Banido após escândalo da “Máfia do Apito”, Edílson Pereira de Carvalho voltou a falar sobre manipulação de resultados
O ex-árbitro Edílson Pereira de Carvalho, de 63 anos, está longe dos gramados há duas décadas, mas reapareceu ao dar sua opinião sobre um tema polêmico: corrupção no futebol. Em entrevista ao Documento OVALE Cast, podcast especial do jornal OVALE, ele fez duras críticas às plataformas de apostas esportivas, que hoje patrocinam clubes e dominam o mercado esportivo brasileiro.
Pivô de um dos maiores escândalos do futebol nacional, Edílson não poupou a atuação das bets no futebol brasileiro. “Onde há dinheiro, há corrupção. E o futebol envolve muito dinheiro, milhões, milhões e milhões”, afirmou.
Banido do esporte em 2005, Edílson foi o principal nome envolvido na Máfia do Apito, esquema de manipulação de resultados que abalou o futebol brasileiro.

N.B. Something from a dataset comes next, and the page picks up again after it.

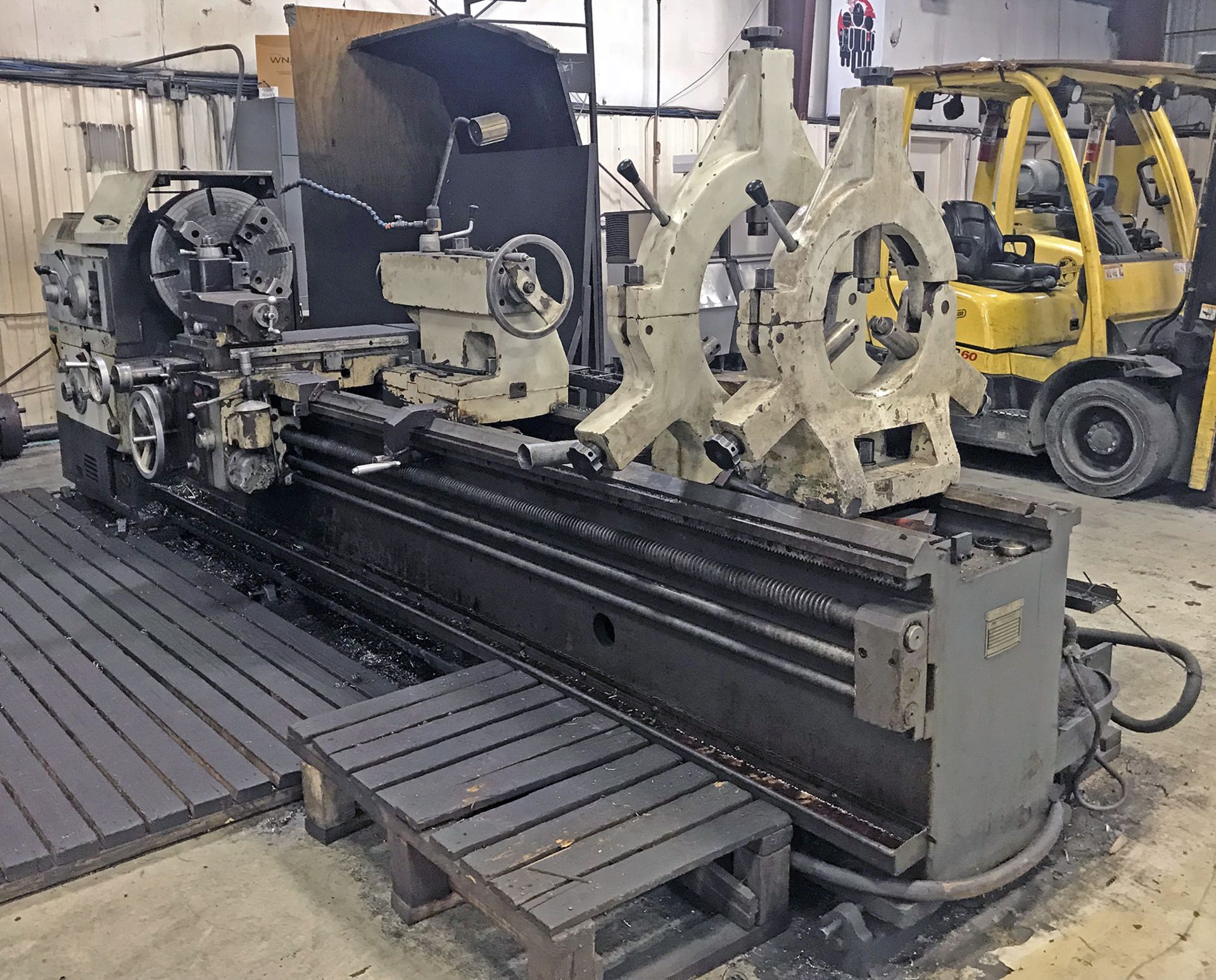 32" x 120" Vanguard Model CW6280/3000 Engine Lathe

A investigação revelou que ele alterava o andamento de partidas da Série A e B do Campeonato Brasileiro para favorecer apostadores, em troca de dinheiro. O escândalo veio à tona após uma reportagem da revista Veja, que expôs gravações telefônicas e movimentações suspeitas ligadas ao árbitro.
O caso teve repercussão nacional e levou à anulação de 11 partidas do Brasileirão daquele ano, todas apitadas por Edílson. A Confederação Brasileira de Futebol (CBF) precisou refazer os jogos, e o árbitro foi banido do esporte pela FIFA. A Máfia do Apito marcou um divisor de águas na relação entre futebol e apostas, levantando discussões sobre integridade esportiva que, até hoje, permanecem atuais.
‘Liberou geral’
Edílson afirmou que vê com preocupação o avanço das bets no país. Para ele, o cenário atual é de “liberou geral”, onde a presença das plataformas é quase unânime — e perigosa.
“Não impede nada de nenhum jogador, de nenhum árbitro de colaborar com eles e ganhar o seu dinheiro”, afirmou.
O ex-árbitro afirmou que há uma vulnerabilidade do sistema, onde o volume de dinheiro movimentado pelas apostas pode facilmente abrir brechas para manipulações. Segundo ele, o futebol virou um terreno fértil para práticas ilícitas, justamente por envolver cifras milionárias.
Hoje as apostas estão nas camisas dos clubes, há clubes que têm até as suas próprias bets, elas estão nas placas de publicidade, enfim, estão em todos os lugares. O senhor acredita que essa proliferação de apostas facilita eventuais desvios, seja de árbitro, seja de atletas?
Em primeiro lugar, onde há muito dinheiro, há corrupção. Seja qual setor for. Qualquer setor. É minha opinião. Aonde há muito dinheiro, há corrupção. Eu moro no Brasil, e no Brasil principalmente. Site de apostas no futebol que envolve muito dinheiro, milhões, milhões e milhões, é muito dinheiro. Muito mais agora com os sites de apostas. E agora liberou geral para o governo ter uma lasquinha de cada site, certo?
Não impede nada de nenhum jogador, de nenhum árbitro de colaborar com eles e ganhar o seu dinheiro. Como houve com esses dois jogadores [Lucas Paquetá e Bruno Henrique] de seleção brasileira que ganham milhões e são jogadores conhecidos. E os que a gente não sabe, que não estão na televisão? Existem? Penso que sim. Quem? Não sei. Eu penso que existe. Por quê? Ninguém fala do Joãozinho, né? Fala de grandes nomes. Como teve no Amazonas, no Acre, em Goiânia há 1 ano e dois que foram banidos do futebol. Eu não sei nem o nome deles. Eles deram entrevista para outros podcasts por aí que eu vi.
Mas não são iguais a esses dois jogadores conhecidíssimos [Bruno e Paquetá], e foram banidos. Esses dois jogadores até agora estão jogando. Não deveriam. Deveriam ser banidos. Nada contra os dois. Aliás, o que eu tenho a ver com Lucas Paquetá e Bruno Henrique? Absolutamente nada, mas tem que servir de exemplo para outros jogadores não fazerem isso, não destruírem a sua família, não destruírem o futebol, para os torcedores continuarem acreditando que o futebol é honesto.